▶ [DIRECTIONS]: After locating the line with "Album art for Anja Lechner - Bach/Abel/Hume" below, output it and each following line exactly, stopping after the line with "Grohe Essence - zemapmetuma". No pictures.

▶ [TASK INPUTS]:

§

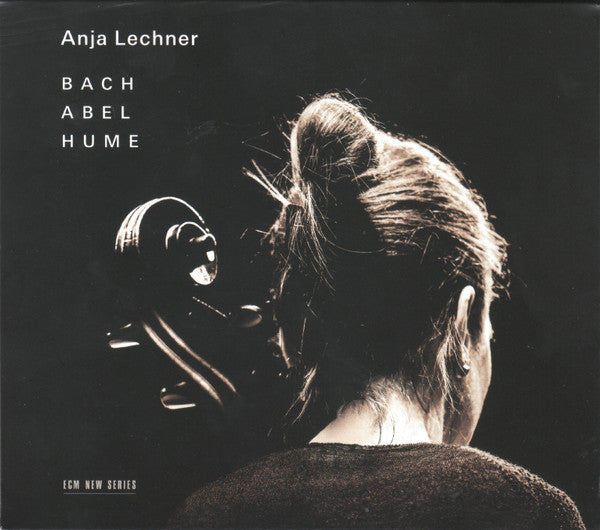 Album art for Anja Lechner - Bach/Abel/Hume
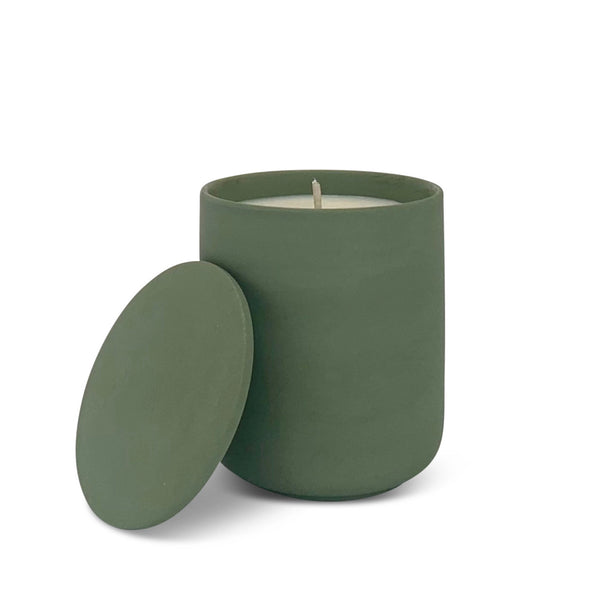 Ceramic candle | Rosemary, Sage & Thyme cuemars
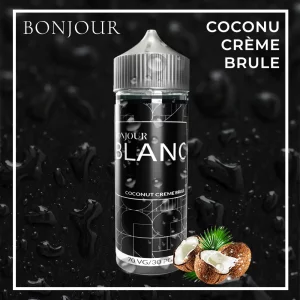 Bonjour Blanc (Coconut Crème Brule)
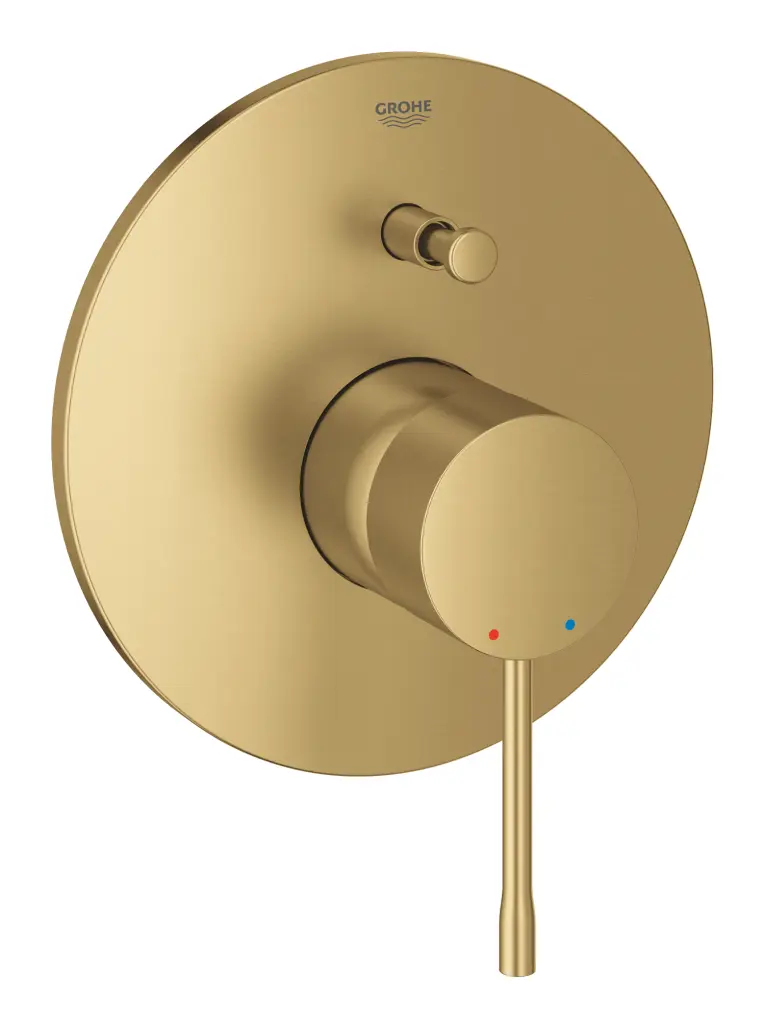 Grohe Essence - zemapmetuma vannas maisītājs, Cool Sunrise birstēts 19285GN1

§

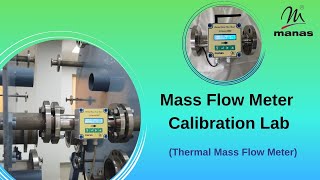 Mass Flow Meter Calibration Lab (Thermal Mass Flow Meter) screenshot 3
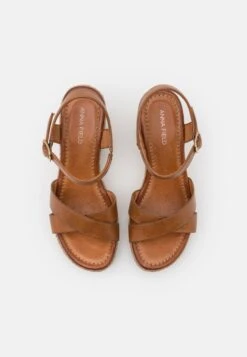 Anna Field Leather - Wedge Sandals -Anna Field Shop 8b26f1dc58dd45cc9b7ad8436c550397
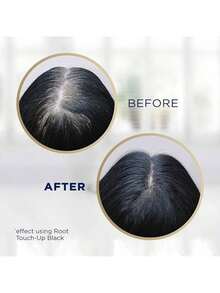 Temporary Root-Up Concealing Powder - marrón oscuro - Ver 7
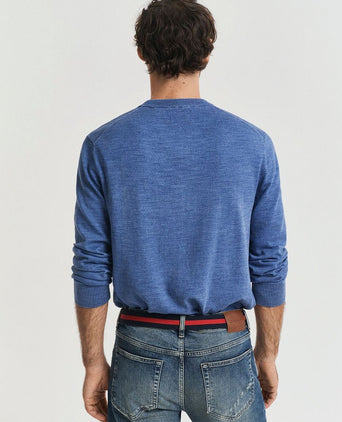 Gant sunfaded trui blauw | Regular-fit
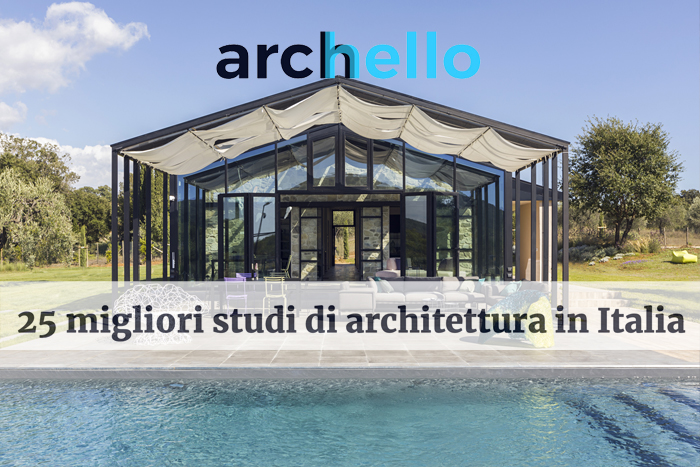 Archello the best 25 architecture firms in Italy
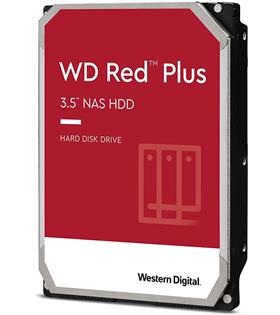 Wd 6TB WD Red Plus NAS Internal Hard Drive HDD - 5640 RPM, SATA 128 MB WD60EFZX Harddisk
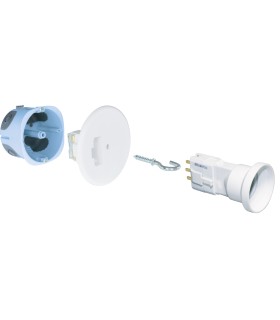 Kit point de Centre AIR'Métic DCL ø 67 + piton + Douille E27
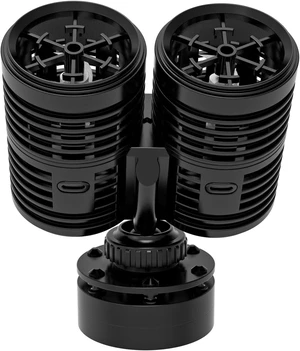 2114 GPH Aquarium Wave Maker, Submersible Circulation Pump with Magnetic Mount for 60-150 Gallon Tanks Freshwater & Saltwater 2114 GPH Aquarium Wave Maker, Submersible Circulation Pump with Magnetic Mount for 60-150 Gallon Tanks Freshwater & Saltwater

§

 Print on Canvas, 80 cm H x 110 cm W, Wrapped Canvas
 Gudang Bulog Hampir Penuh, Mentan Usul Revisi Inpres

§

▶ [WRITTEN ANSWER]:
 Album art for Anja Lechner - Bach/Abel/Hume
 Ceramic candle | Rosemary, Sage & Thyme cuemars
 Bonjour Blanc (Coconut Crème Brule)
 Grohe Essence - zemapmetuma vannas maisītājs, Cool Sunrise birstēts 19285GN1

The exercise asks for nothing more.